I really read and tested a lot, but I don't get a working java-solution:
I have a large xml-file (more than 100MB) which is processed via JAXB by now. The aim is to split the xml into many xmls using one child of root every time.
Important: Because of the filesize, a sax-way is preferred.
I found a lot of information about xsl:result-document, but I found no way to get it running from java and I am quite not sure, if it would be possible to keep needed memory low.
This is my Java-Code:
import javax.xml.transform.Transformer;
import javax.xml.transform.TransformerFactory;
import javax.xml.transform.stream.StreamResult;
import javax.xml.transform.stream.StreamSource;
public class TestParse {
public static void main(final String[] args) throws Throwable {
final TransformerFactory factory = TransformerFactory.newInstance();
final Transformer transformer = factory.newTransformer(new StreamSource("D:\\split.xsl"));
final StreamSource in = new StreamSource("D:\\input.xml");
final StreamResult out = new StreamResult("D:\\output.xml");
transformer.transform(in, out);
}
This is an example-xml ("input.xml"):
<?xml version="1.0" encoding="ISO-8859-1"?>
<Taskname>
<Item attr="ab" attr2="c">
<MoreNodes>...</MoreNodes>
</Item>
<Item attr="xy" attr2="z">
<MoreNodes>...</MoreNodes>
</Item>
<!-- ...and many items more -->
</Taskname>
This is my xsl (split.xsl):
<?xml version="1.0" encoding="UTF-8"?>
<xsl:stylesheet xmlns:xsl="http://www.w3.org/1999/XSL/Transform" version="2.0">
<xsl:strip-space elements="*"/>
<xsl:param name="dir" select="'file:///D://'"/>
<xsl:template match="Item">
<xsl:result-document href="{$dir}section{position()}.xml" method="xml">
<Taskname>
<xsl:copy-of select="." />
</Taskname>
</xsl:result-document>
</xsl:template>
</xsl:stylesheet>
So one result-xml should look like this:
<?xml version="1.0" encoding="ISO-8859-1"?>
<Taskname>
<Item attr="..." attr2="...">
<MoreNodes>...</MoreNodes>
</Item>
</Taskname>
My problem:
I really don't now, how I could get the different outputs of the xslt and more than that, I would need them as Streams an not as Files - and I would need them item by item (like sax' endElement) to use less memory.

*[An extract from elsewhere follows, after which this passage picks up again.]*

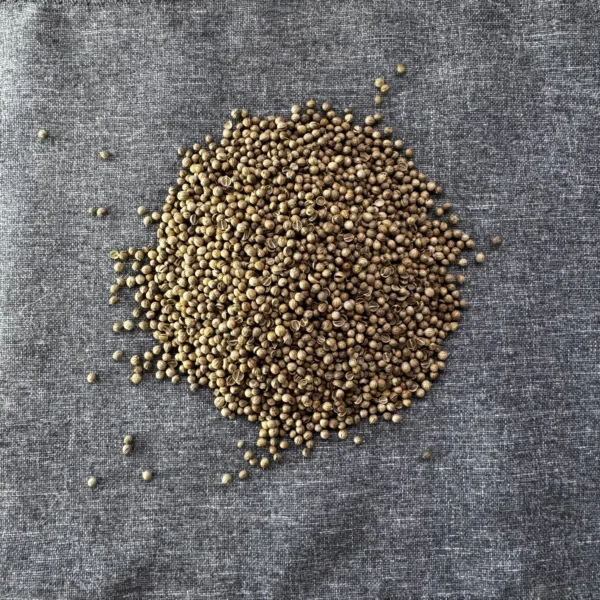 семена кориандра кинзы замачивание в воде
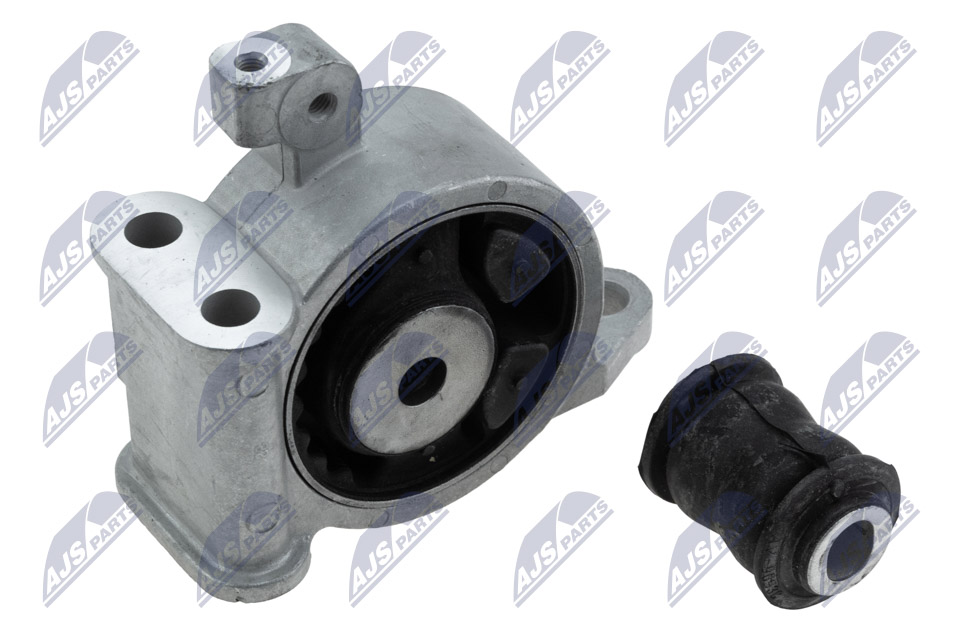 variklio montavimas - ZPS-NS-166 NTY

Maybe, there is an other, better way than to use xslt, than, please just tell me.
Firstly, if you want to avoid building a tree for the source document in memory, then you're going to have to run this with XSLT 3.0 streaming - which means you need a Saxon-EE license. (However, it's quite feasible to process a 100Mb file the traditional way, with a tree in memory).
Secondly, if you want the output of xsl:result-document to be captured as in-memory streams rather than being written to filestore, then in Saxon the way to achieve this is to write and register an OutputURIResolver. This will be called once for each result document, and can specify a destination (such as a StreamResult or SAXResult) to receive the document.